**What to do**
Please transcribe only the lines between the one containing "Adv Vivian Marques" and the end of the records, both ends included, exactly as written; skip every picture.
------------------------------------------------
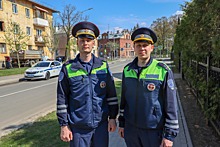 Автоинспекторы Пскова организовали эвакуацию жильцов из жилого дома, в котором произошёл пожар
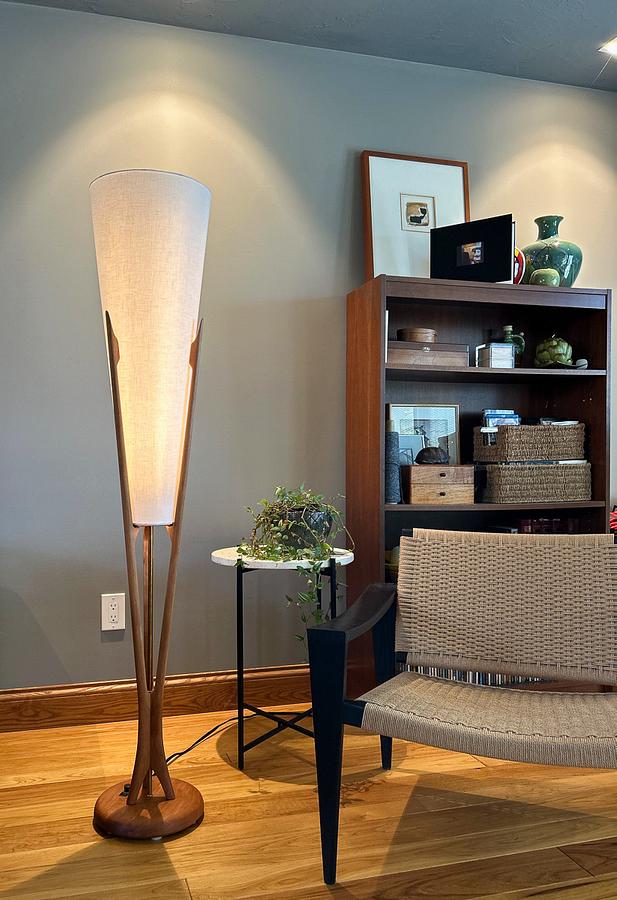 Modeline 1525 Floor Lamp Replica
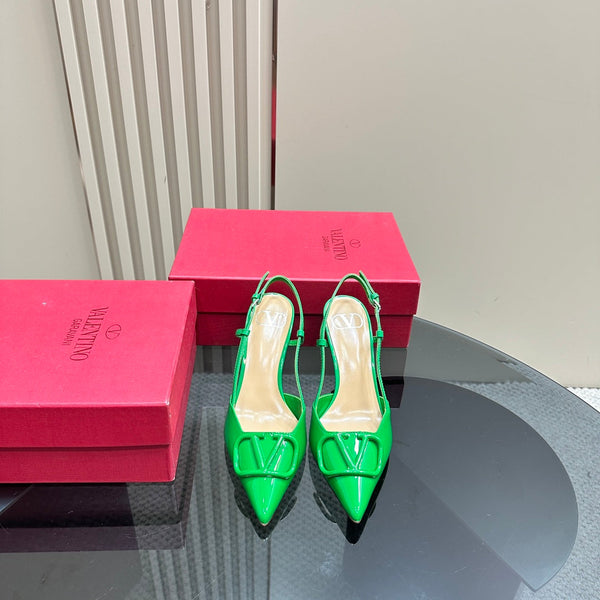 DÉCOLLETÉ SLINGBACK IN VERNICE VERDE SMERALDO VLOGO SIGNATURUE 80MM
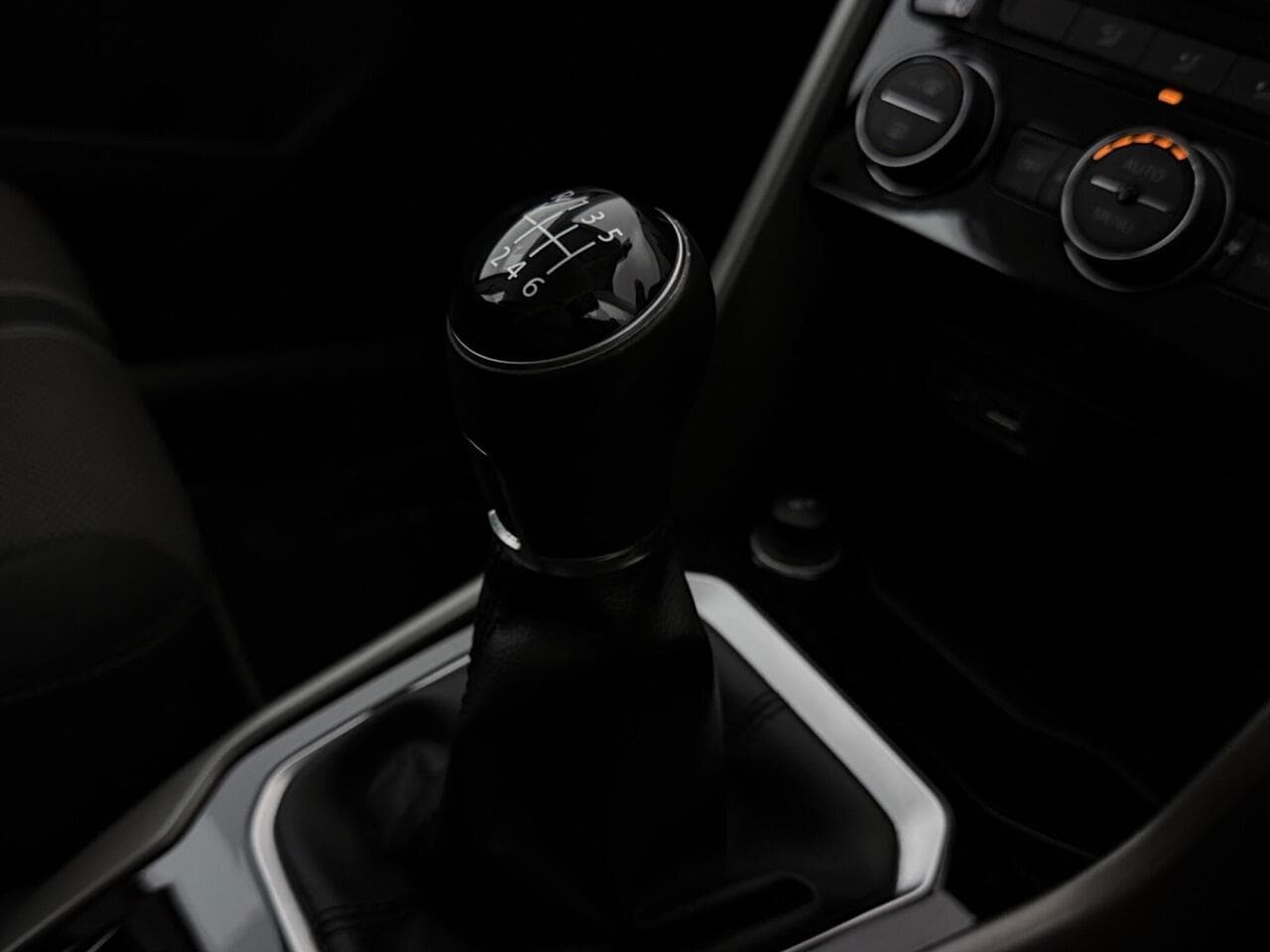 Volkswagen T-Roc thumbnail Interior Front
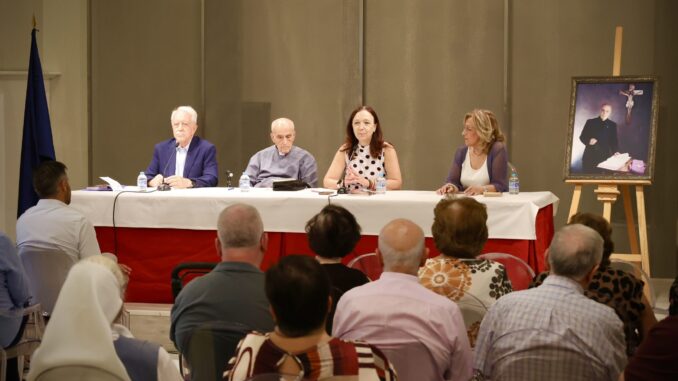 Vicente-Manzaneque-presenta-en-Alcazar-de-San-Juan-su-libro-Navegar-contra-corriente
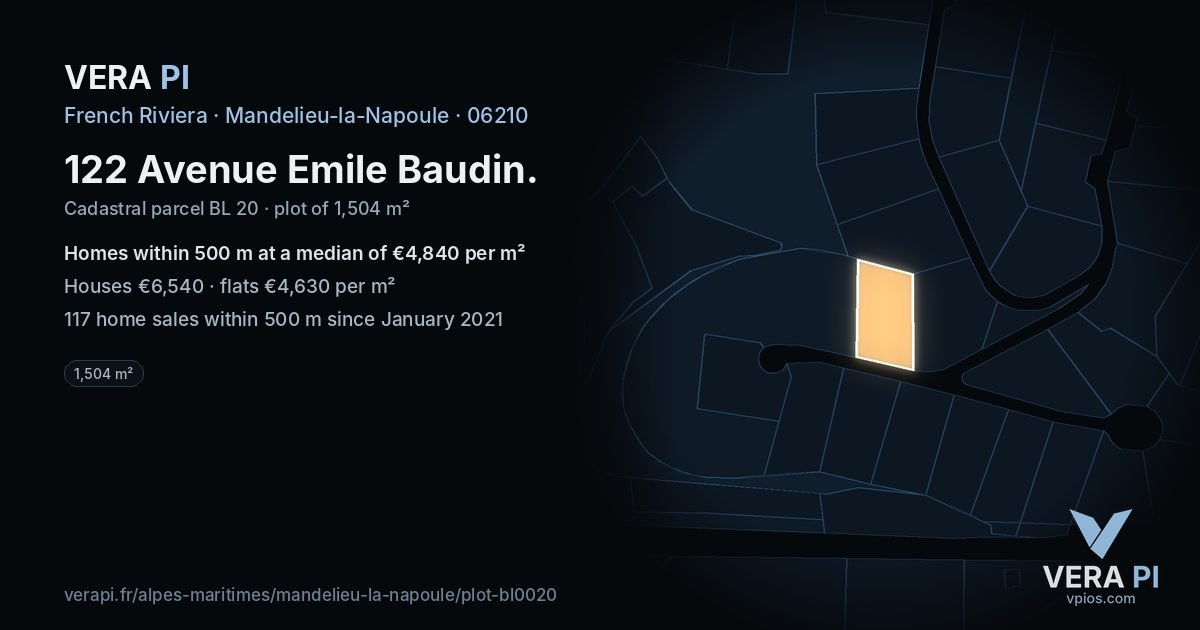 122 Avenue Emile Baudin, Mandelieu-la-Napoule at night – the plot lit, the parcels around coloured by the prices near them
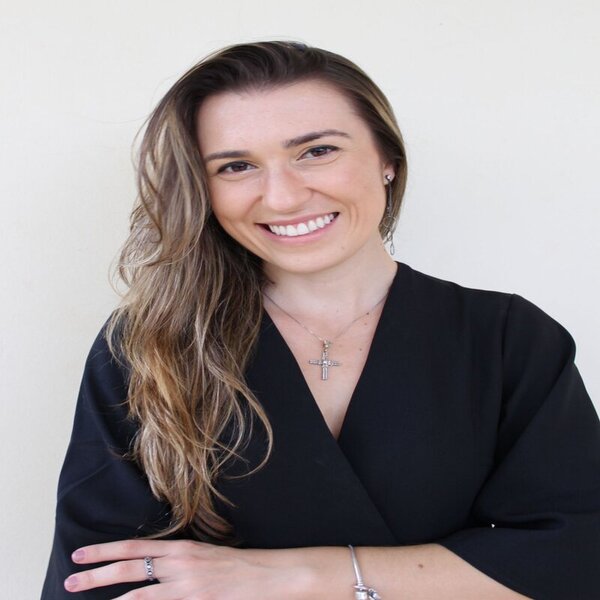 Adv Vivian Marques comandará coluna de opinião na CRC!News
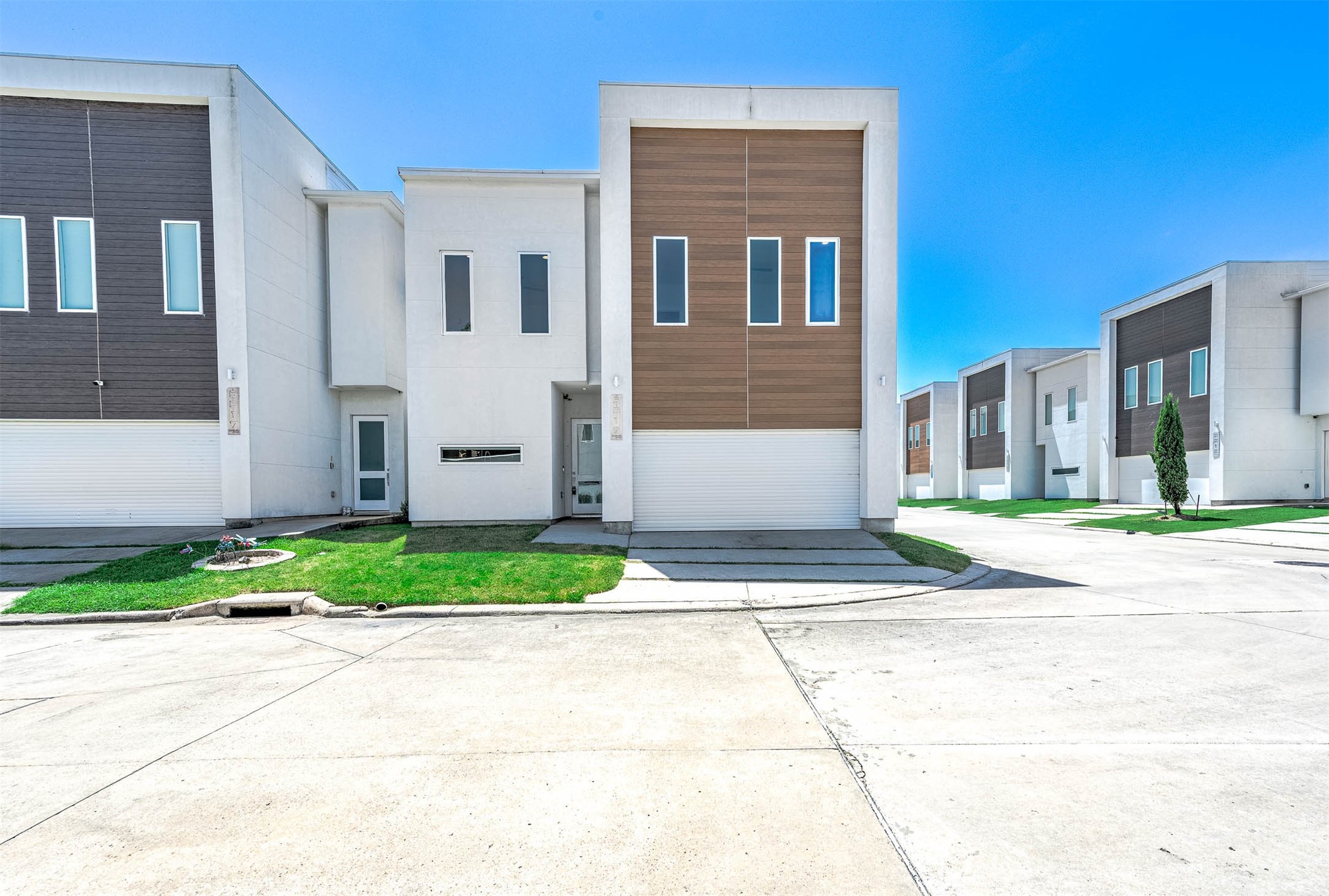 5519 Paraiso Place Property Photo 1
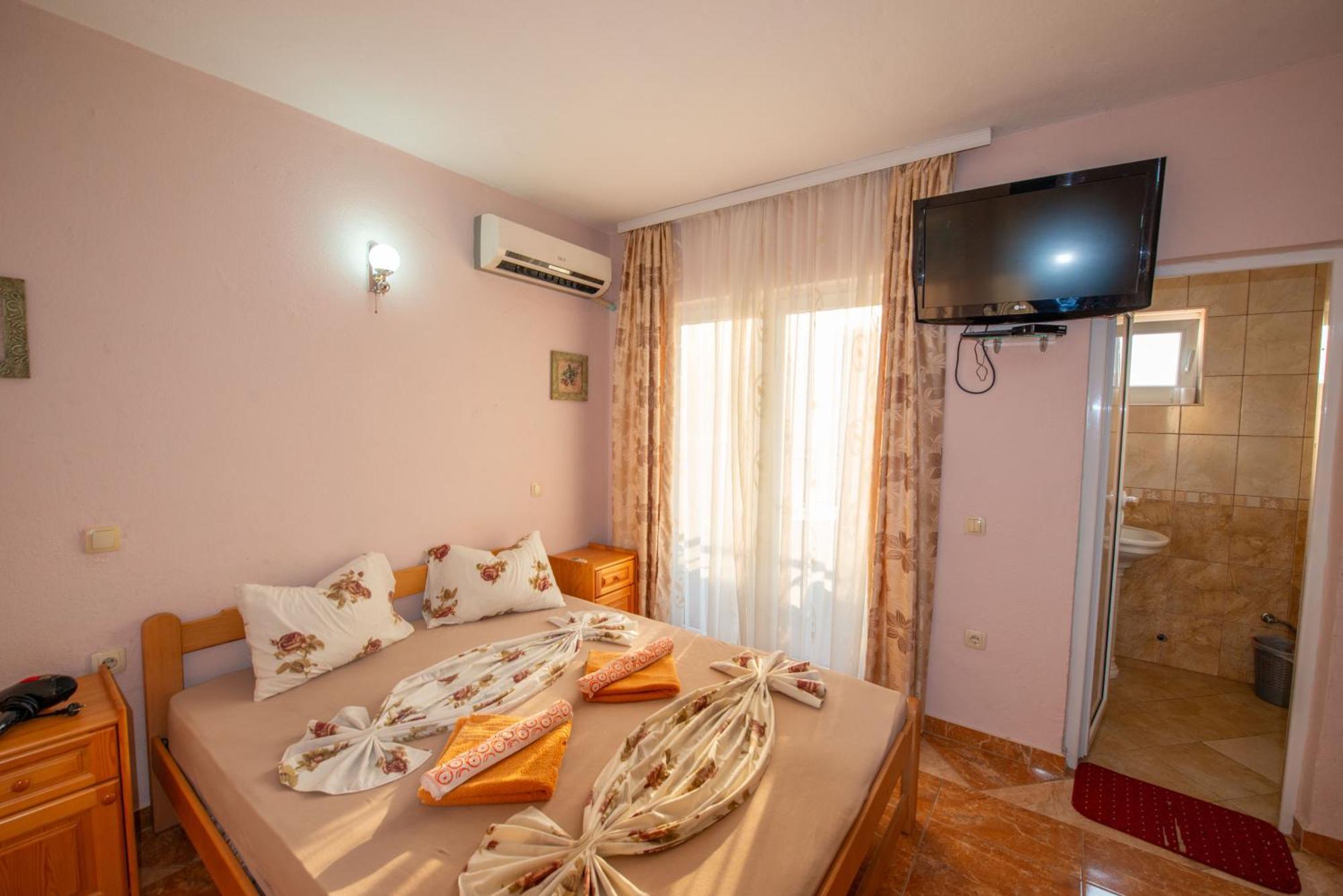 Apartments And Bungalow Casa Palma Ulcinj Habitación foto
------------------------------------------------
**Response**
 Adv Vivian Marques comandará coluna de opinião na CRC!News
 5519 Paraiso Place Property Photo 1
 Apartments And Bungalow Casa Palma Ulcinj Habitación foto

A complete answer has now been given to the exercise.